Note, you may need the pipeline code file again if you are setting up manual pipeline execution.

2. Create run-generation-cronjob.sh

We need to create a bash script called run-generation-cronjob.sh that will run within the cronjob process. The script will submit a POST REST request to bring up a pipeline using the pipeline code file.

vi run-generation-cronjob.sh

And insert the below code into the script, replacing <your-assembly> with the name of your already running assembly, eg in the case of the bargeneration pipeline this is the fsi-app-ice-fi assembly. Also replace <your-file> with the name of your pipeline code file, eg bargeneration.q, eqeagentca.q.

#!/bin/bash

## Env variables needed before running script with
## TODO: change ASM_NAME variable to the name of your assembly
ASM_NAME="<your-assembly>"

## Install the libraries needed to run the POST request
apt-get update -o=dir::cache=/mnt/gen/packages/
mkdir -p /mnt/gen/packages/archives/partial
apt-get install -f -y -o=dir::cache=/mnt/gen/packages/ git vim jq curl
echo "alias aws='/mnt/gen/packages/bin/aws'" >> ~/.bashrc
cd /mnt/gen/

################ FUNCTIONS ######################

logMsg(){
  if [ -z "$*" ]; then
    echo "No message provided"
    return 1
  fi
  echo "$(date -u +'%Y-%m-%dT%H:%M:%S.%3NZ') ## $*"
}

renewToken(){
    logMsg "Renewing keycloak token"
    curl -s --header "Content-Type: application/x-www-form-urlencoded" \
         -d "grant_type=client_credentials&client_id=$CLIENT_NAME&client_secret=$CLIENT_SECRET" \
         "$INSIGHTS_HOSTNAME/auth/realms/insights/protocol/openid-connect/token" \
         | jq -r .access_token > token
}

getPipelineStatus(){
    ## arg1 pipeline name
    renewToken
    curl -s -S -X GET -H  "Authorization: Bearer $(cat token)"  $INSIGHTS_HOSTNAME/streamprocessor/pipeline/status/insights-generation
}

teardown(){
    # arg1- pipeline name
    renewToken
    curl -s -S -X POST -H "Authorization: Bearer $(cat token)" $INSIGHTS_HOSTNAME/streamprocessor/pipeline/teardown/insights-generation?clearCheckpoints=true

}

runPipeline(){
    export PIPELINE_NAME="generation"
    export SPEC_FILE="/mnt/gen/<your-file>"
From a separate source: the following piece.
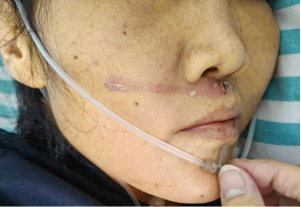 为什么吸氧管子是一边的吸氧管佩戴：塑料搭片，究竟朝上还是朝下？_https://www.jmylbn.com_新闻资讯_第6张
    echo $SPEC_FILE  $PIPELINE_NAME

    # Token needs renewed before running pipeline
    renewToken

    ## Teardown pipeline if it already exists
    teardown $PIPELINE_NAME
    logMsg "Waiting for pipeline to teardown"
    sleep 10

    # run request
    curl -s -S -X POST $INSIGHTS_HOSTNAME/streamprocessor/pipeline/create\
        -H "Authorization: Bearer $(cat token)" \
        -d "$(jq -n  --arg spec "$(cat $SPEC_FILE)" --arg aws_access_key_id $AWS_ACCESS_KEY_ID \
        --arg aws_secret_access_key $AWS_SECRET_ACCESS_KEY \
        --arg pipeline_name $PIPELINE_NAME \
        --arg asm_name $ASM_NAME \
        --arg configmap_name $ASM_NAME-assembly-configmap \
        '{
            name     : $pipeline_name,
            type     : "spec",
            config   : { content: $spec },
            settings : {
                minWorkers: "1",
                maxWorkers: "1"
            },
            env      : {
                KXI_SP_BETA_FEATURES: "true",
                ASM_NAME: $asm_name,
                AWS_REGION: "eu-west-1",
                AWS_ACCESS_KEY_ID: $aws_access_key_id,
                AWS_SECRET_ACCESS_KEY: $aws_secret_access_key,
                KX_KURL_DEBUG_LOG: "1",
                KXI_SP_DIRECT_WRITE_ASSEMBLY: $asm_name,
                KX_TRACE_S3: "1"
            },
            kubeConfig  : {
                configMaps: $configmap_name
            }
        }' | jq -asR .)"

}

runPipeline

3. Create PVC to mount your volume and move files to the volume

Create a PVC that you will mount to your generation process.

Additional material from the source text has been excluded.